Elbette Türk dünyasının entegrasyonu için atılacak çok adım var. 1990'ların aksine bugün daha pozitif bir konjonktür ve etkin liderlik var. Türkiye'nin katkısıyla Azerbaycan'ın İkinci Karabağ Zaferini kazanması bir dönüm noktası oldu ve Şuşa Beyannamesi ile iki ülkenin kardeşliği mühürlendi. Önümüzdeki dönemde Kafkaslar ve Orta Asya'nın büyük güçlerin çatışma alanına dönüşmeden istikrar, barış, güvenlik ve refah içerisinde bütünleşmesi ve yükselmesi gerekiyor. Zengezur Koridorunun açılması, bu amaca ulaşmak için bir anahtar konumunda.

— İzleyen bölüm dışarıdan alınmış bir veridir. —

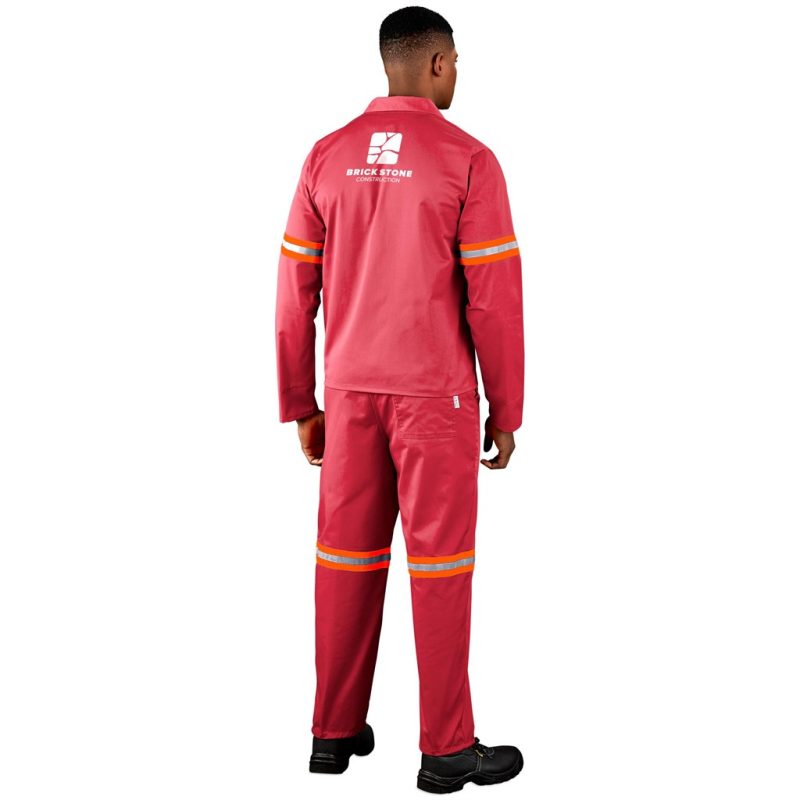 Trade Polycotton Conti Suit - Reflective Arms & Legs - Orange Tape - Image 4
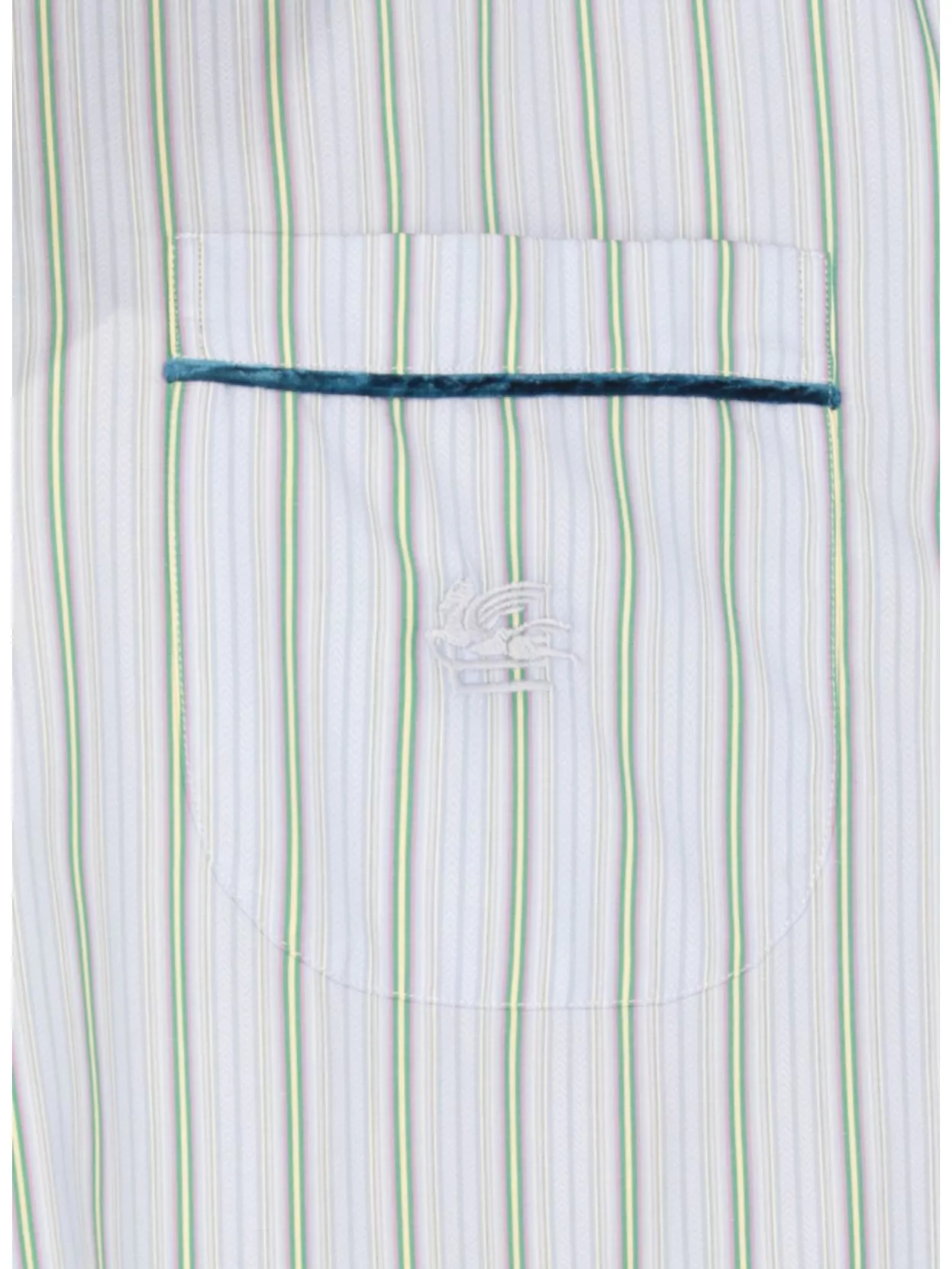 Etro Striped Pattern Shirt Asymmetric Hem In Blue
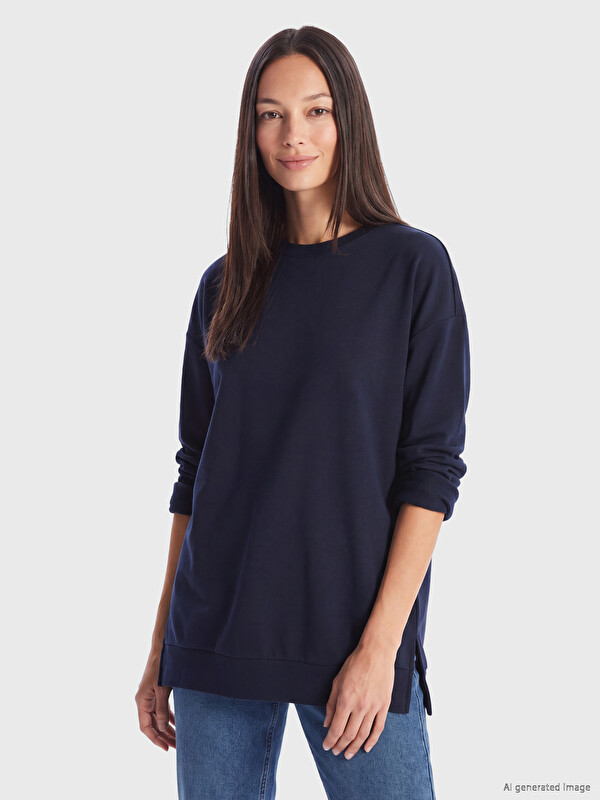 LC WAIKIKI Soft Touch Kadın Sweatshirt Tunik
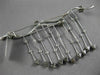 EXTRA LARGE 4.51CT WHITE & CHOCOLATE FANCY DIAMOND 18KT WHITE GOLD FLOWER BROOCH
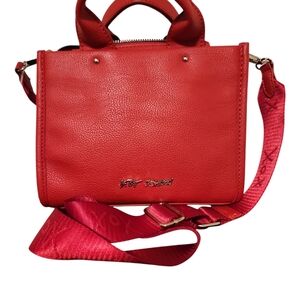 Betsey Johnson Lips Red Crossbody Purse NWT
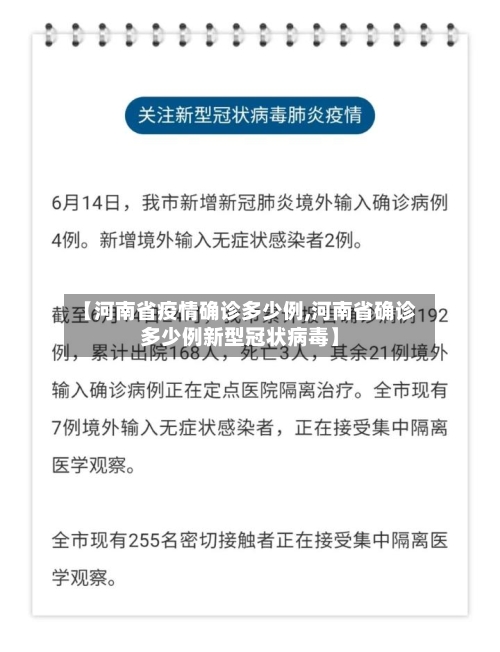 【河南省疫情确诊多少例,河南省确诊多少例新型冠状病毒】-第2张图片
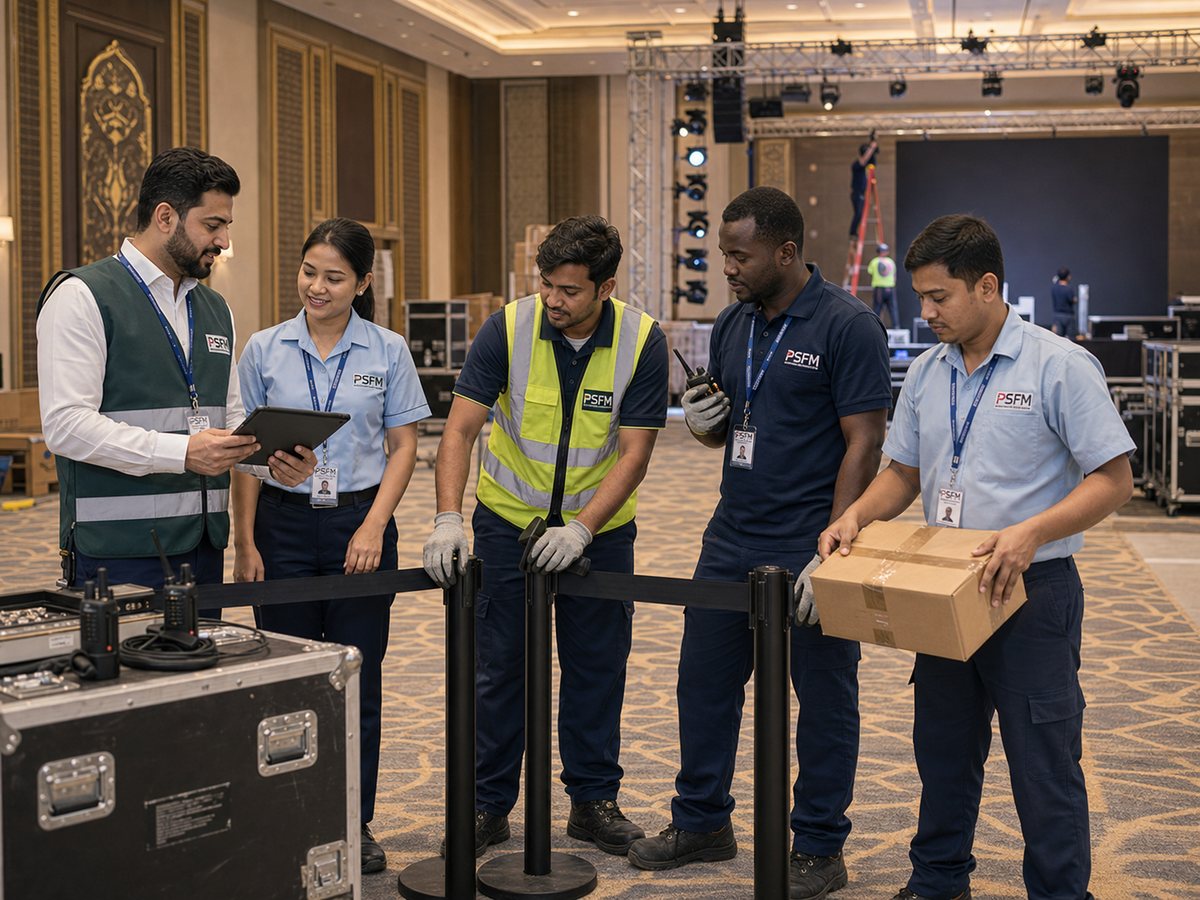 Event Support & Manpower Services - Premium Support Facility Management Ltd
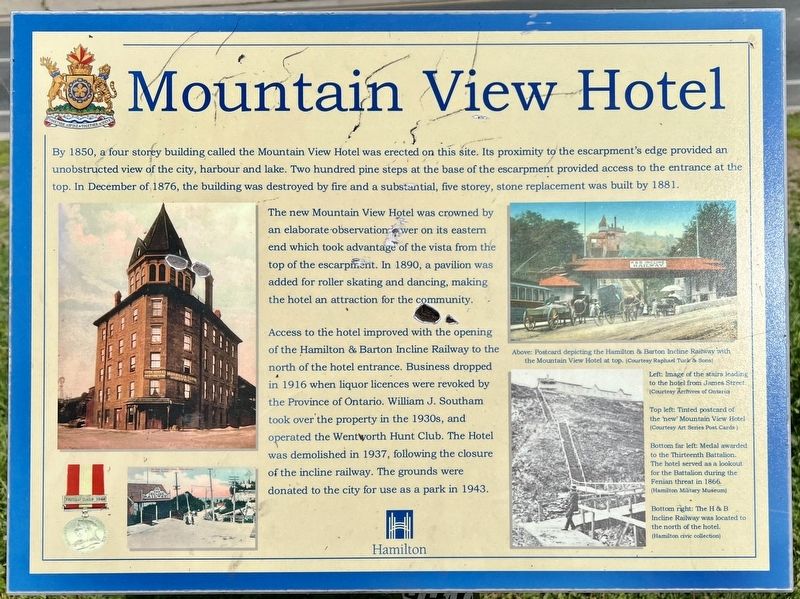 Mountain View Hotel Marker image. Click for full size.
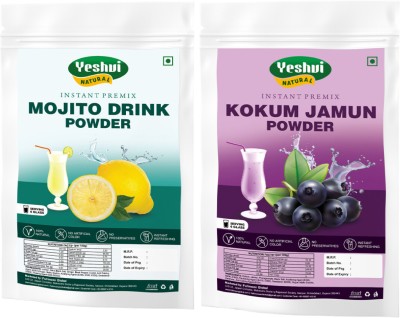 YESHVI NATURAL Mojito Drink Powder & Kokum Jamun Juice Powder Combo Pack, Instant Drink Mix(2 x 50 g)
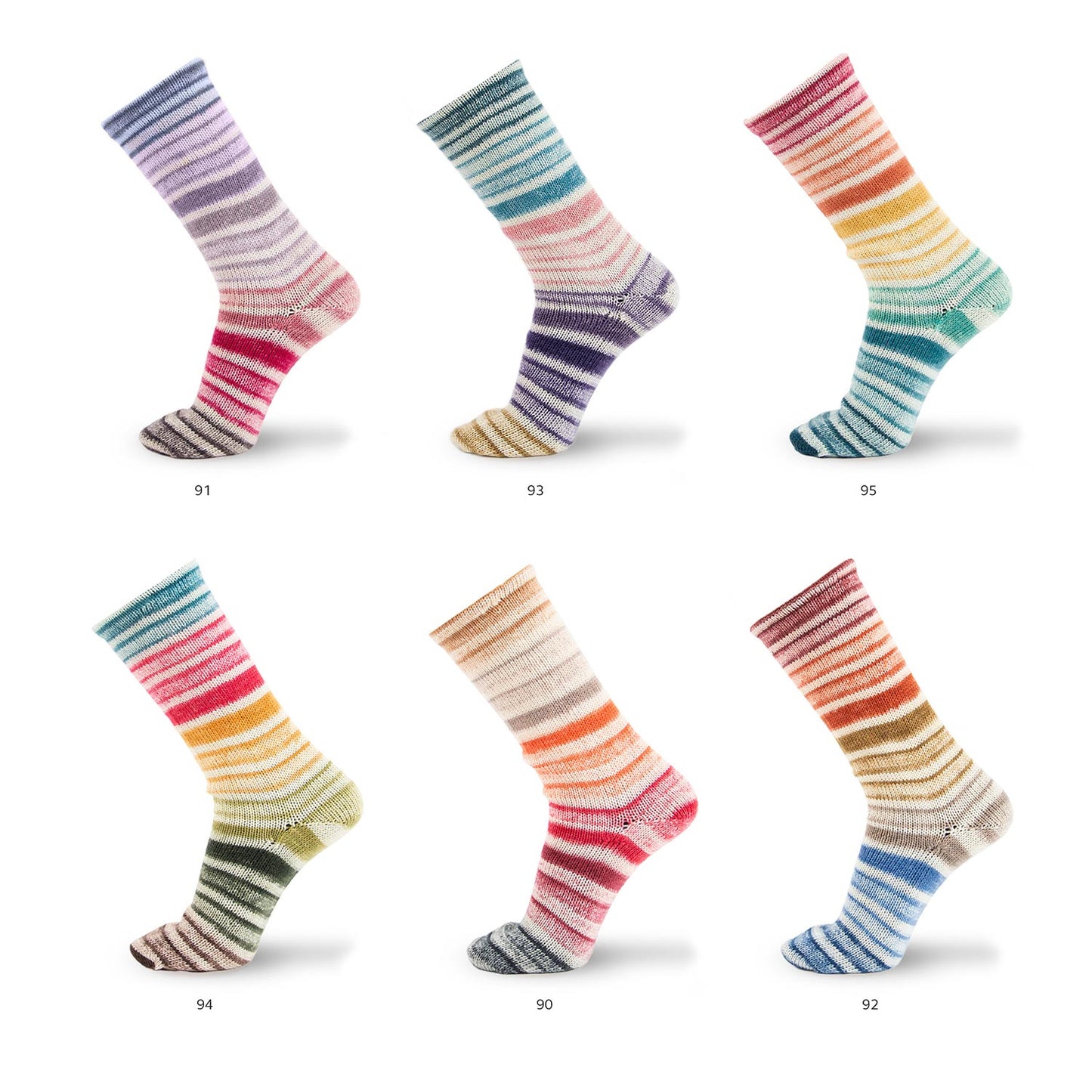 Katia Concept 4 Ply Symmetric Socks and More Infinity Fire and Water (92)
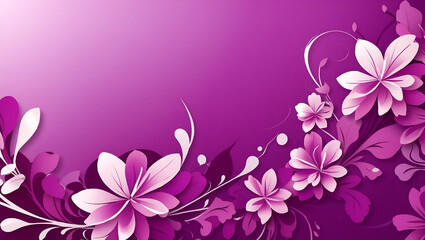 Abstract purple color background on simple floral design wallpaper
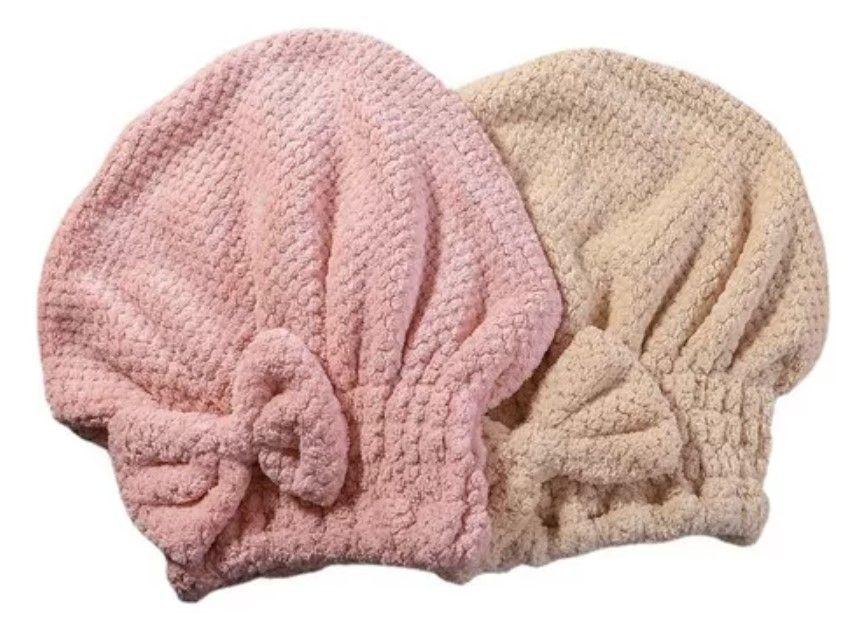 Gorro Toalla Microfibra Turbante Secar Cabello Ráp-4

Güney Kafkaslardaki barış, Ermenistan dahil tüm bölge ülkelerinin lehine.
Muhalefetin İç Çekişmesi Nereye Doğru Gidiyor?
Dış politika değerlendirmesini tamamladıktan sonra iç siyasete baktığımızda ise Millet İttifakı’nın dağılmasıyla birlikte ortaya çıkan gelişmeler karşımıza çıkıyor. Akşener, CHP, Kılıçdaroğlu ve altılı masa ile hesaplaşmasını sürdürüyor. En son mesajları Kılıçdaroğlu "seçim kazanabilsin diye zehir içtiği", "Millet İttifakı diye bir kavramın şu anda olmadığı" ve "İYİ Parti'nin artık CHP ile rakip olduğu" şeklinde. "CHP'nin bütün muhalefet partilerine patronluk yaptığını" belirten Akşener, partisinin oy kaybını masadan kalkmaya değil aksine oturmaya bağladı. Akşener'in eleştiri yağmuruna CHP'den ciddi bir karşılık gelmiyor, sadece tek tük mütevazı ve incitmeyen cevaplar veriliyor. CHP, İYİ Parti İstanbul ve Ankara adaylarını açıklasa da Akşener'in son düzlükte kendi adaylarını desteklemesini umuyor. Yani CHP’nin suskunluğunun temel sebebi elbette Mart 2024 seçimleri için İYİ Parti ile yeniden iş birliği kurma ihtimalini tümüyle yok etmemek. Dahası, İYİ Parti seçmenini üzmeyerek, CHP adaylarına destek bulmak. Bu hesaplar tutar mı, 1,5 ay sonraki CHP kurultayının ertesinde göreceğiz. CHP ve İYİ Parti arasındaki "yakın partinin tabanını etkileme mücadelesi" hangi partinin aleyhine olur sorusunun cevabı, Mart 2024 yerel seçimlerinde belli olur. Hem CHP hem de İYİ Parti bu mücadeleden zarar görebilir.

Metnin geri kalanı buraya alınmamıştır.